Będziemy świadkami jednocześnie kilku zjawisk. Po pierwsze, popyt na energię będzie rósł, w kraju będzie coraz więcej pomp ciepła, coraz więcej aut elektrycznych. Wydawać by się mogło, że będzie to stopniowy proces, ale jeśli spojrzymy na statystyki dotyczące samochodów elektrycznych, to widać, że to jednak szybki proces. Po drugie, zastanówmy się nad podażą energii. W energetyce węglowej bloki wytwórcze będą stopniowo wyłączane, a nowe źródła gazowe powstają powoli i z trudem. Dodajmy do tego nieprzesadnie rozwinięte połączenia transgraniczne. Duży atom pojawi się zaś, według deklaracji, między 2034 a 2040 r., ale deklaracje są co chwilę inne, co powoduje niepewność. Na miejscu klienta końcowego patrzyłbym z pewnym niepokojem na perspektywę rosnących cen energii począwszy od 2025 r. Ponadto pamiętajmy, że w tej chwili mamy recesję, a jednocześnie wszyscy trzymamy kciuki za odbicie gospodarcze w drugiej połowie roku i w Polsce, i w Europie.
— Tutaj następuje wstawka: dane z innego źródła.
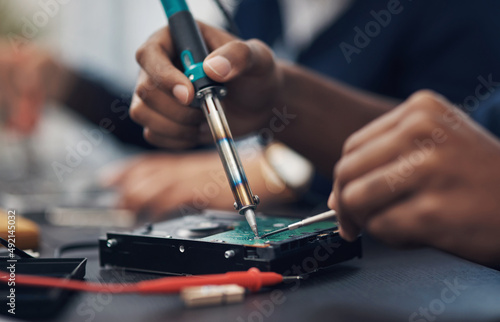 The master at making any computer hardware work. Shot of a technician using a soldering iron .to repair computer hardware.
Przy odbiciu gospodarczym ceny uprawnień do emisji dwutlenku węgla też pójdą do góry, co dodatkowo przełoży się na wyższe ceny energii.

Szukaj Pulsu Biznesu do słuchania w Spotify, Apple Podcasts, Podcast Addict lub Twojej ulubionej aplikacji

w tym tygodniu: „Co dalej z cenami energii?”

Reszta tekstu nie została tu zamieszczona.